### Problem to solve
Copy exactly. Include the line containing "Camiseta Raglan Shakira", every line after it, and the last line below, but no pictures.

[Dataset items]

+---+

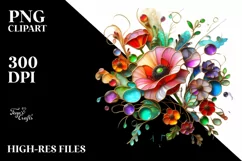 Watercolor Luxury Flower Splash Clipart Product Image 1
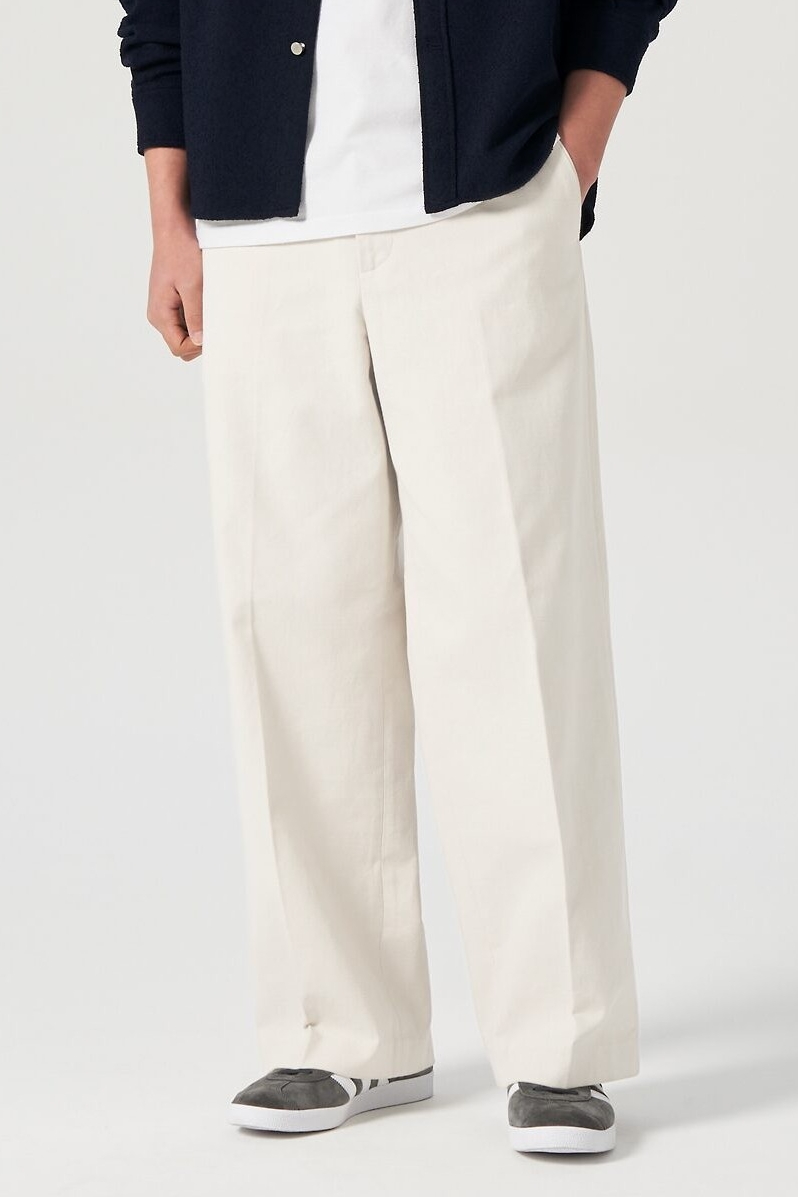 パンツ [8 SECONDS] TWILL WIDE PANTS 8seconds Cotton Twill Wide Pants Ivory | Wide Pants for Men
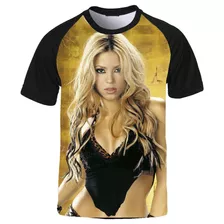 Camiseta Raglan Shakira Singer Diva Pop Blond Yellow S06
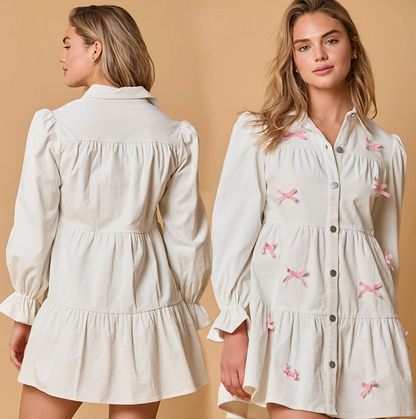 White Pink Color Bow Loose Lantern Sleeve Mini Dress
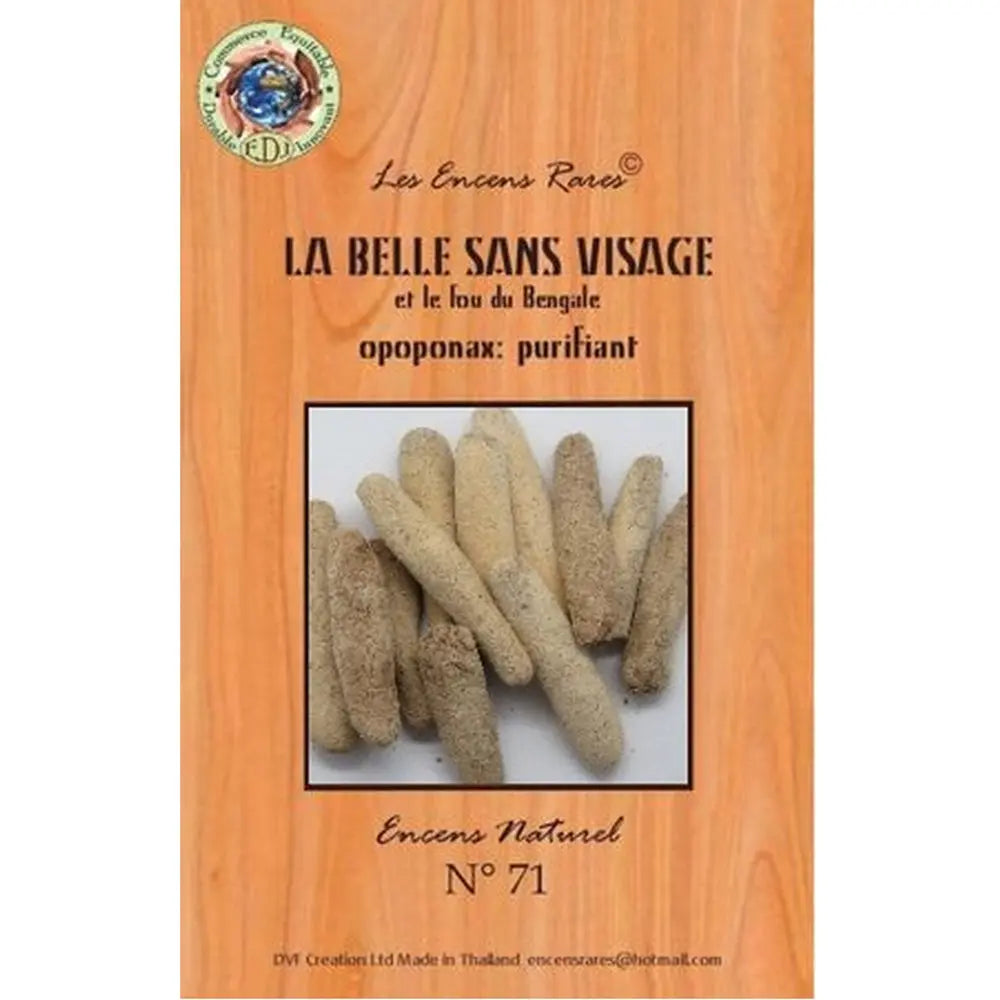 Paquet d’encens rares « La Belle Sans Visage » n°71, visuel de bâtons d’encens beiges sur fond bois.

+---+

### Solution for this exercise
 Camiseta Raglan Shakira Singer Diva Pop Blond Yellow S06
 White Pink Color Bow Loose Lantern Sleeve Mini Dress
 Paquet d’encens rares « La Belle Sans Visage » n°71, visuel de bâtons d’encens beiges sur fond bois.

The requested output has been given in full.